Several pundits have said that the veto power exclusive to the 5 permanent members of the UNSC has become anachronistic, if not unjust, counter-productive and an impediment to international action. It makes the UN ineffective, unable to respond to genocide, human rights violations and other unspeakable crimes. As early as November 1950, members of the Non-Aligned Movement and the African Union have proposed limitations on said veto power through the “Uniting for Peace” Resolution (A/Res/377A). They affirmed that the UN General Assembly should not be relegated to a secondary position vis-a-vis the Security Council. When the latter fails to fulfill its responsibility of maintaining peace, the General Assembly should have “final responsibility”.
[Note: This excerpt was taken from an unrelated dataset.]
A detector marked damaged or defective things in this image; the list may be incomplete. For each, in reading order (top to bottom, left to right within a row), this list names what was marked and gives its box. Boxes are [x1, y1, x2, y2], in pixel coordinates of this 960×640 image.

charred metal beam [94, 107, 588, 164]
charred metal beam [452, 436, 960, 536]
The 5 permanent members of the UNSC are People’s China ( not Taiwan), France, the Russian Federation (formerly the USSR), the United Kingdom of Great Britain and Northern Ireland and the United States of America. The veto power does not apply to procedural matters. The absence and/or abstention of a permanent member does not prevent the adoption of a draft resolution. So why doesn’t the UN send a peace-keeping force to Ukraine, like it did to Timor-Este from 199 to 2002? The UNSC approved Resolution 1272 on 28 October 1999 so UN troops were sent to Timor-Este. The Supreme Commander of the UN Forces was Lt. Gen. Jaime de los Santos, a Filipino. Elections were held, a constitution was drafted and Timorenses rebuilt their country after a war of aggression.

In November 2002, the UNSC unanimously approved Resolution 1441 which imposed a deadline of on Iraq’s President Sadam Hussein to surrender fabled “weapons of mass destruction.” When he said he had none, the USA, Great Britain, Australia and Poland felt justified to gang up on him and invade Iraq. That alarmed no less than the UN Secretary-General, Kofi Annan, who denounced the invasion as a gross violation of the Charter. While visiting the USA in 2015, Foreign Affairs Minister of China, Wang Yi, said that China has always used its veto power to check “ the instinct for war and resist the power politics.”

“The use of force abroad according to existing international laws can only be sanctioned by the UN. This is international law. Anything done without the UNSC’s sanction cannot be recognized as fair or justified…” President Putin again, in December 2003. To no one’s surprise, Russia has consistently vetoed resolutions about Ukraine which held the federation accountable for aggression, demanded that it protect civilians, including children and called for rapid, safe and unhindered humanitarian assistance. The approval of the resolution was a test for the rest of the permanent members of the UNSC as well as for the non-permanent members.

I do not wonder why the UNSC has not issued a resolution to put an end to Russia’s invasion of Ukraine. It was the Russian Federation’s turn to be president of the UN Security Council and Pres. Vladimir Putin took full advantage of that. He ordered Vasily Nebenzya, the Russian representative to the UNSC to wield the veto power and crush resolutions with his negative vote.